- [Exercise brief]: From the line containing "包头机场广告广告-到达通廊东侧灯箱2位置图" through the end of the entries, please repeat every line exactly and nothing more; the pictures do not belong in the copy.

- [Supplied information]:
□ □ □ □ □

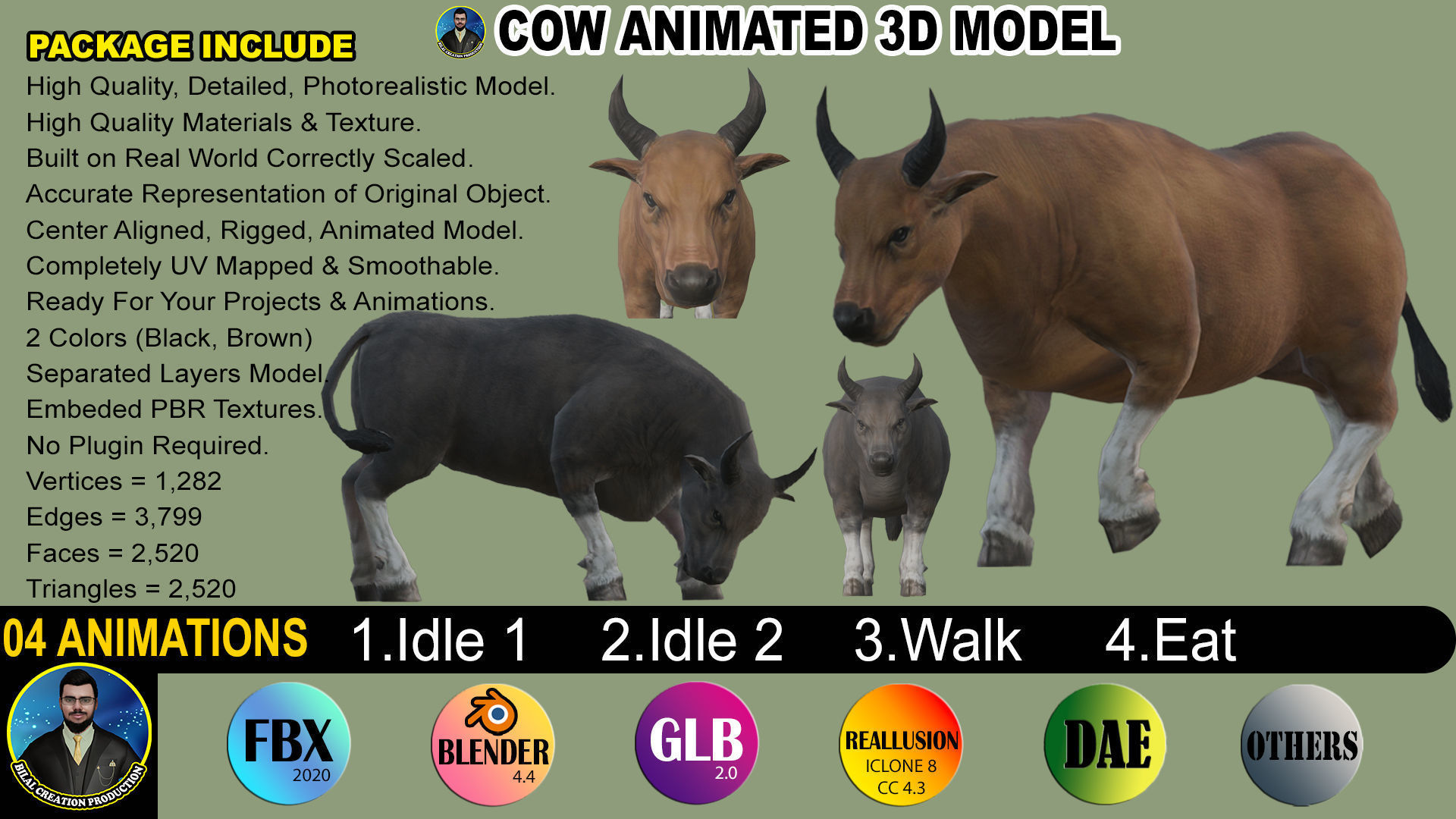 QURBANI ANIMATED ANIMALS 9 3D Model Collection_1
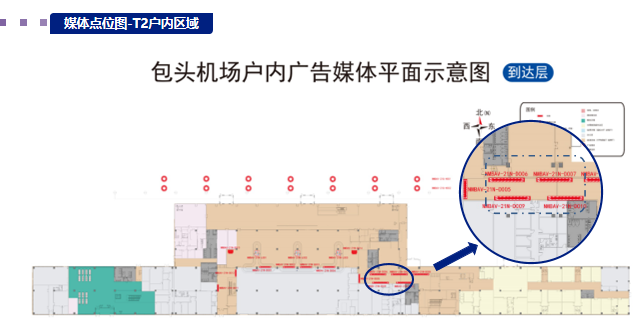 包头机场广告广告-到达通廊东侧灯箱2位置图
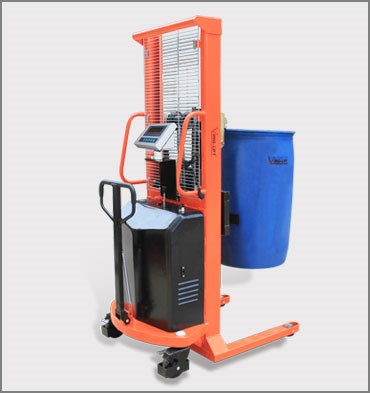 半電動油桶堆高車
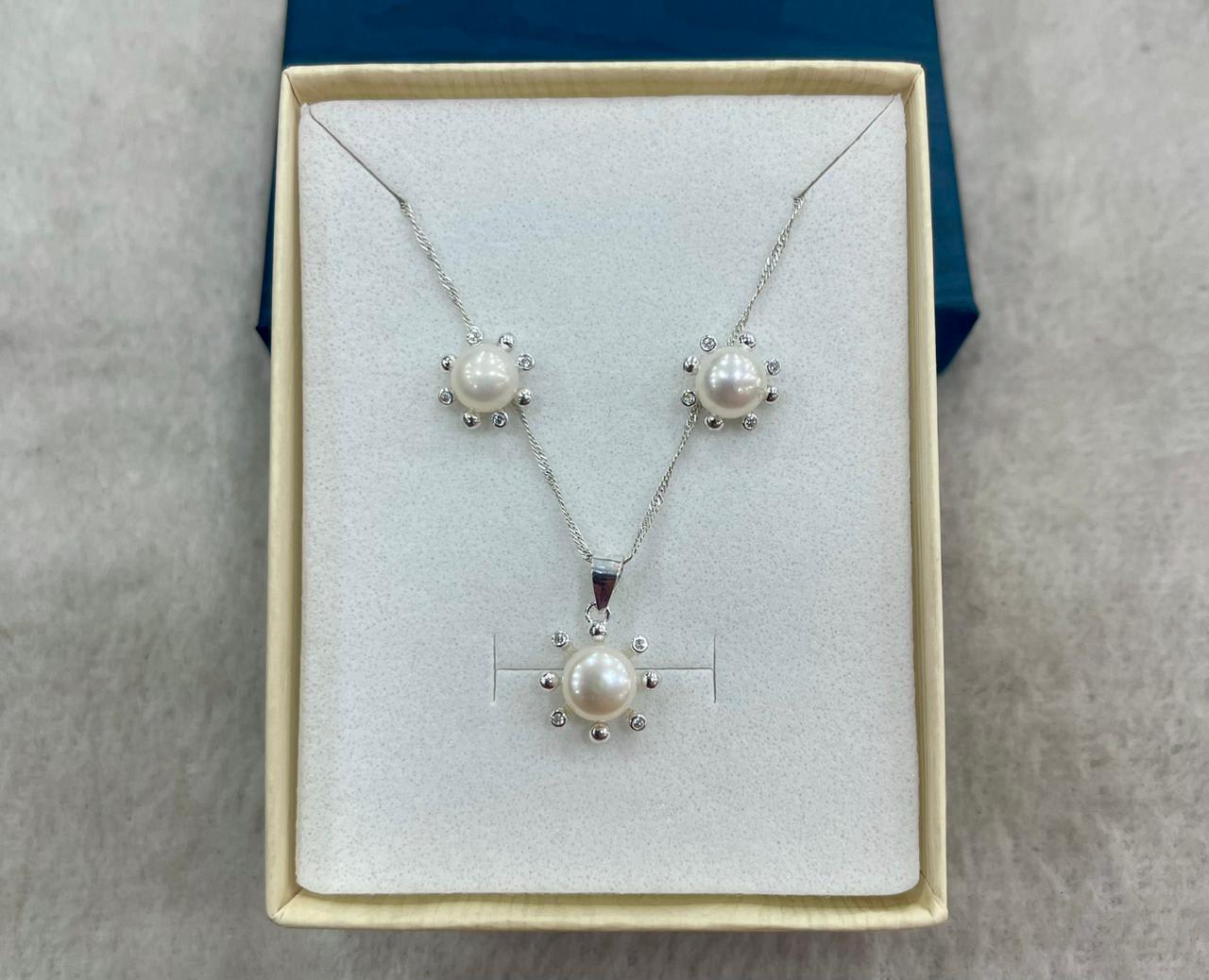 Juego de Plata Engarce Estrellado con Perlas de Aguadulce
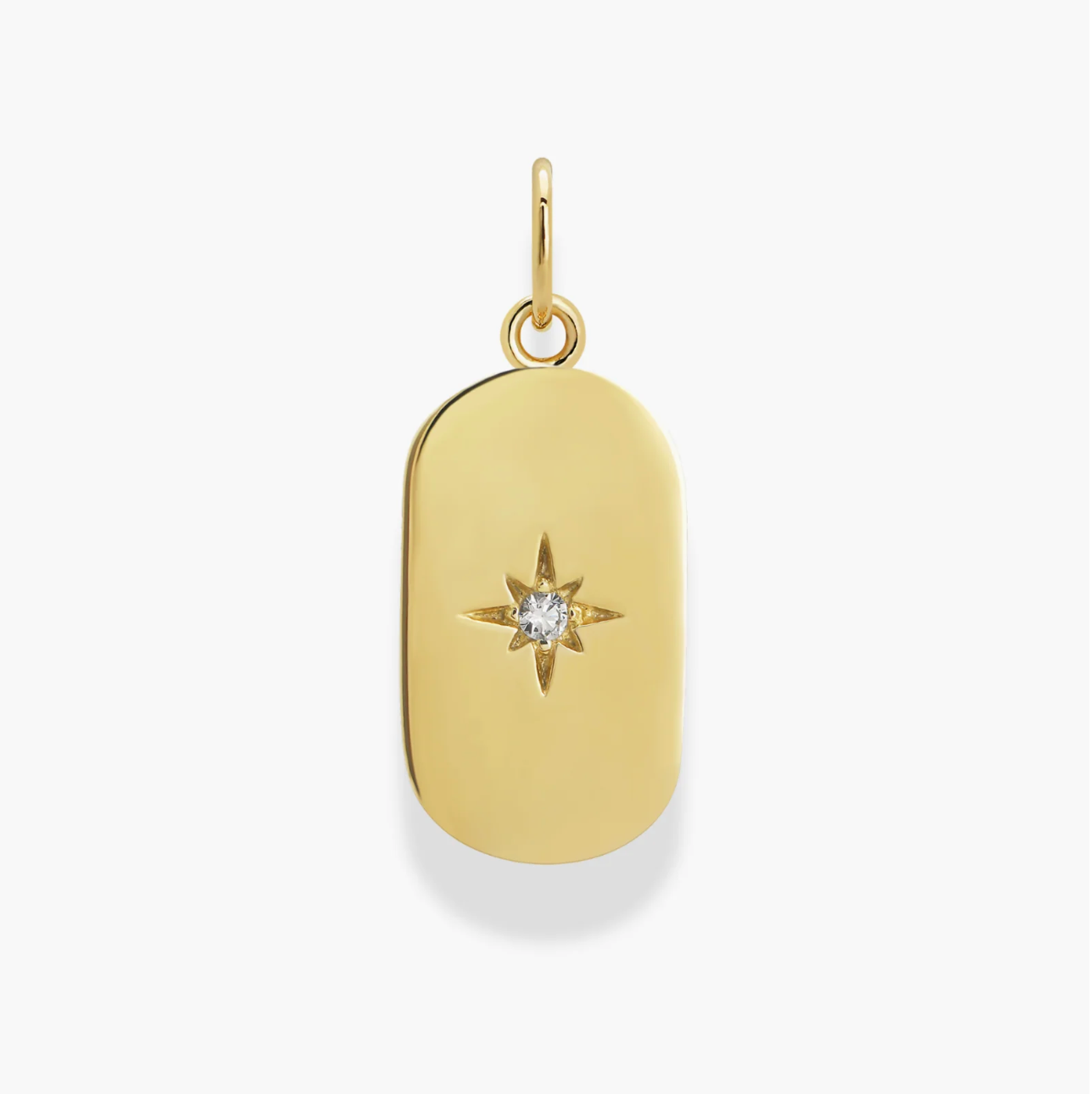 Gold Plate pendant with starburst cz in the middle on white background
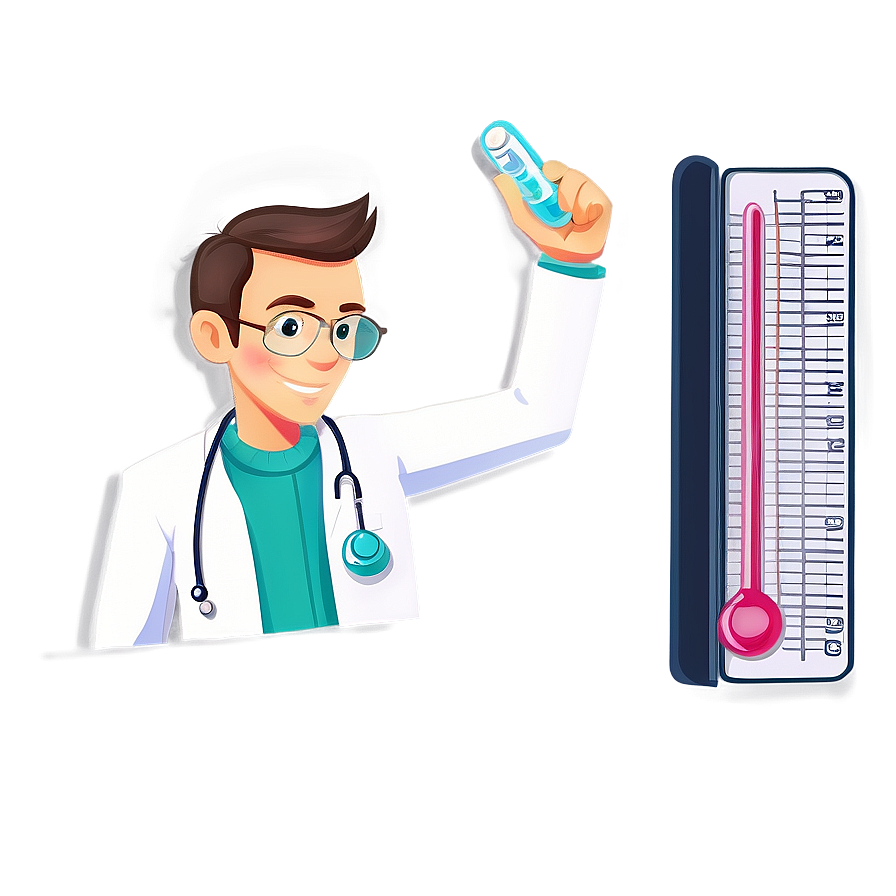 Cartoon Doctor With Thermometer Png 06262024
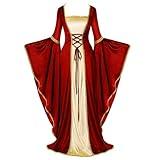 Spooktacular Creations Renaissance Costume Women, Red Velvet Medieval Dress for Women, Irish Fairy Renaissance Dress with Decorated Lace for Wedding, Halloween Cosplay Themed Party (X-Large)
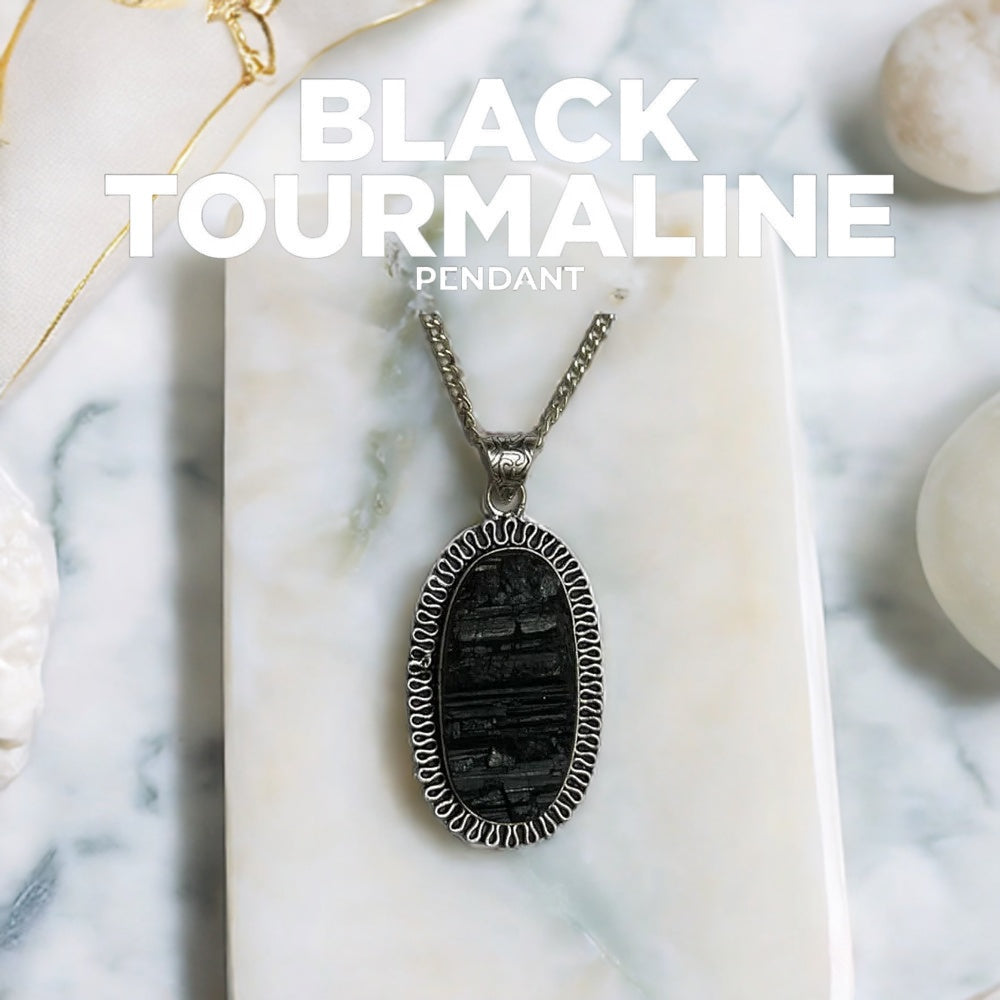 Black Tourmaline Pendant (Without Chain)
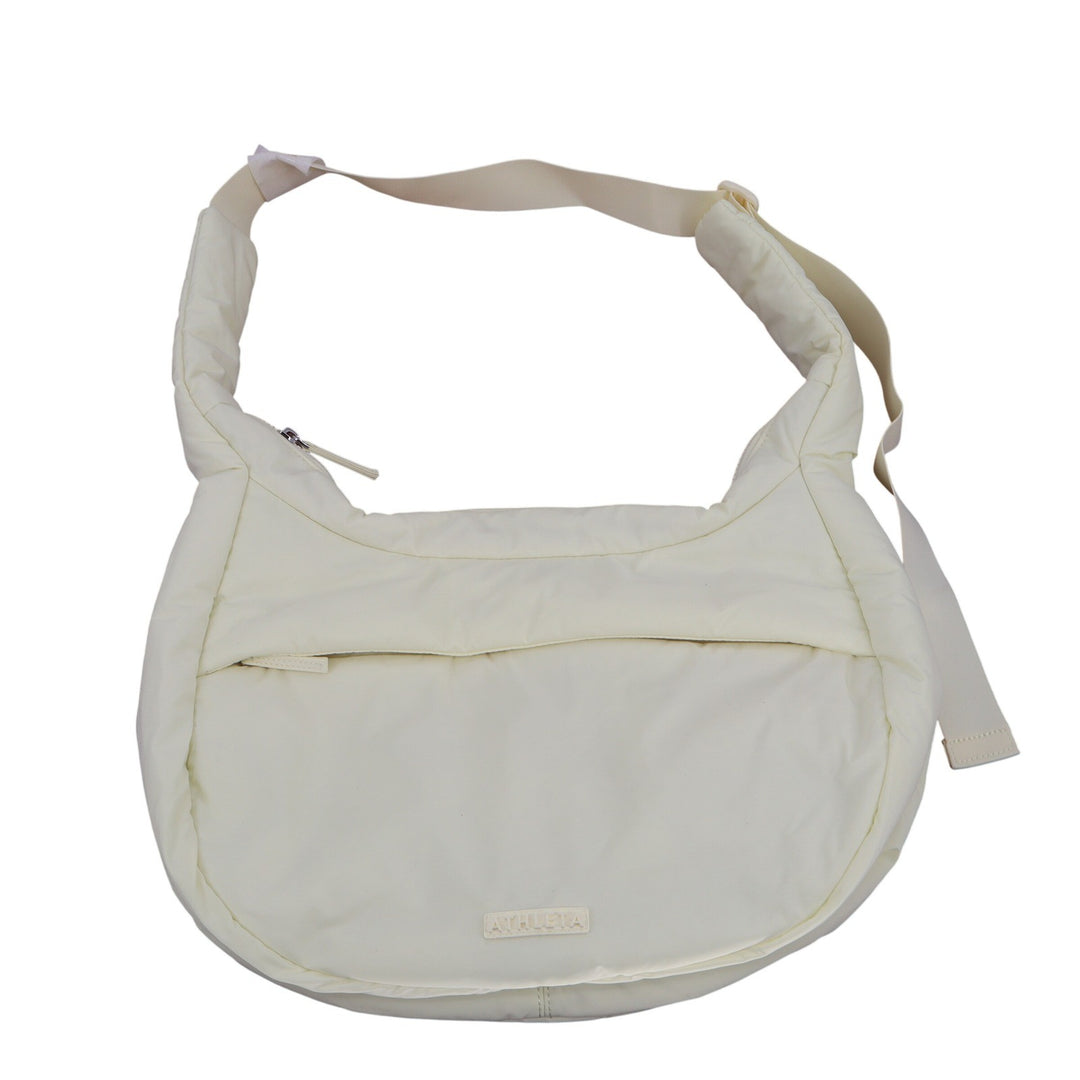 Athleta Puffer Crossbody Bag Cream Yellow Quilted Nylon Hobo Adjustable Strap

□ □ □ □ □

- [Task answer]:
 包头机场广告广告-到达通廊东侧灯箱2位置图
 半電動油桶堆高車
 Juego de Plata Engarce Estrellado con Perlas de Aguadulce
 Gold Plate pendant with starburst cz in the middle on white background
 Cartoon Doctor With Thermometer Png 06262024
 Spooktacular Creations Renaissance Costume Women, Red Velvet Medieval Dress for Women, Irish Fairy Renaissance Dress with Decorated Lace for Wedding, Halloween Cosplay Themed Party (X-Large)
 Black Tourmaline Pendant (Without Chain)
 Athleta Puffer Crossbody Bag Cream Yellow Quilted Nylon Hobo Adjustable Strap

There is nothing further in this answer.